一見なんの変哲もない商店街入り口。しかし一歩足を踏み入れると…
 
いきなり登場、青オニです。オニが妖怪なのかどうか気にするのは野暮!
 
布地店の店頭にて。布地だけに一反木綿のようですが、まァ可愛らしい。
 
魚屋の前にはこんな「妖怪」が。ただ単に魚が浴衣を着てるだけですが。
 
ラーメン屋前にて。これを見てチンコを連想するなというほうが無理!
 
植木屋前にて。植木屋だけに植物の妖怪というのが涙を誘います。
 
そして薬局の前には、バンドエイドの妖怪が! もうなんでもアリです。
 
制服屋の妖怪は、やっぱり制服をきています。校則には従順なのな
 
煎餅屋の妖怪はリアルな店主。自分が妖怪だという自覚があるようで。
 
ひょっとこ妖怪。ひょっとこの口が鼻になってるのが「工夫」でしょうか。
 
今回一番恐かった妖怪。タイヤお化けだっ!…横浜ゴムのキャラでした。
 
商店街事務所には弦楽器お化けが。中にはヒマそうな常勤職員が。
 

 おまけ:上記商店街で見かけたゴミ置き場。

 家の前がゴミ収集場所に指定されているおかげで、本当に可哀想なことになってました。こんなに可哀想なものを見たのは何年ぶりだろう。

 

6月6日(金曜) 深夜

 本日、Go smoking に連載しているコラムが更新されてます。

 今回のテーマは「毒ガス島でタバコを吸う」。 先月の連休に広島は毒ガス島こと大久野島を巡ってきたときのレポートです。
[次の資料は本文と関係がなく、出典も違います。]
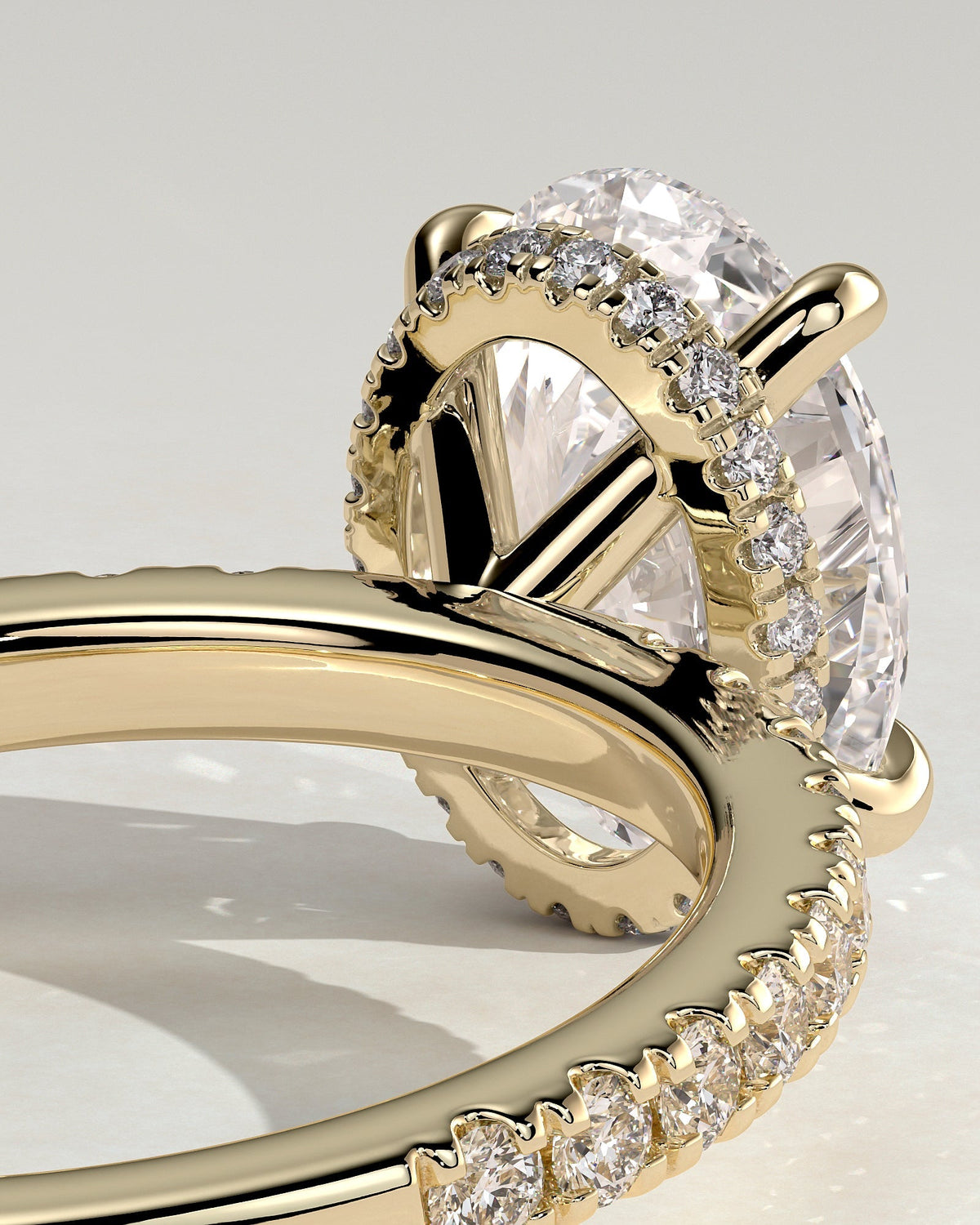Oval Hidden Halo and Pave Lab Grown Diamond Engagement Ring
第二次大戦当時、軍事機密のため日本地図から消してまで密かに毒ガスを製造していたという現場は、なかなか興味深いものがありました。

 よければご覧いただけると嬉しいです。

 

6月5日(木曜) 深夜

 通勤電車の車内で、隣にいた女子高生グループが喋っていた。

 なんでも、その中の一人が少し前に別れた彼氏とヨリを戻したいと思っているものの、最近まったく連絡をとっていないからどうしたらいいだろう…みたいな話題で真剣に話し込んでいるようす。
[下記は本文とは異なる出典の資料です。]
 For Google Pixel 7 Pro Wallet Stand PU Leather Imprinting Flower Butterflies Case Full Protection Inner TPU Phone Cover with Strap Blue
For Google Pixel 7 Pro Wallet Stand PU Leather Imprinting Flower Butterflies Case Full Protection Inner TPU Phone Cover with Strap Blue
 で、しばらくして、当のヨリを戻したい本人が意を決したように宣言したのだった。

 「やっぱりメールとかするより、毛ガニ送ろうと思う」

 ええっ!? 毛ガニ??

 あまりに唐突な展開に、関係ないこっちまですっかり動揺してしまい。

 確かにメールよりは毛ガニのほうが心を揺さぶられるかもしれない。思いのたけの大きさが伝わるかもしれない。いやしかし、獲物で相手の気を引こうとするなんて現代人の、それも女子高生のやることか。おまけに、よりによって毛ガニだぜ?? ううむ、ぜんぜん分からない!!

 …などとアレコレ混乱しながら話の続きを聞いているうちに分かってきた。「手紙」を「毛ガニ」と聞き違えていたのだ。なーんだ、手紙かよ。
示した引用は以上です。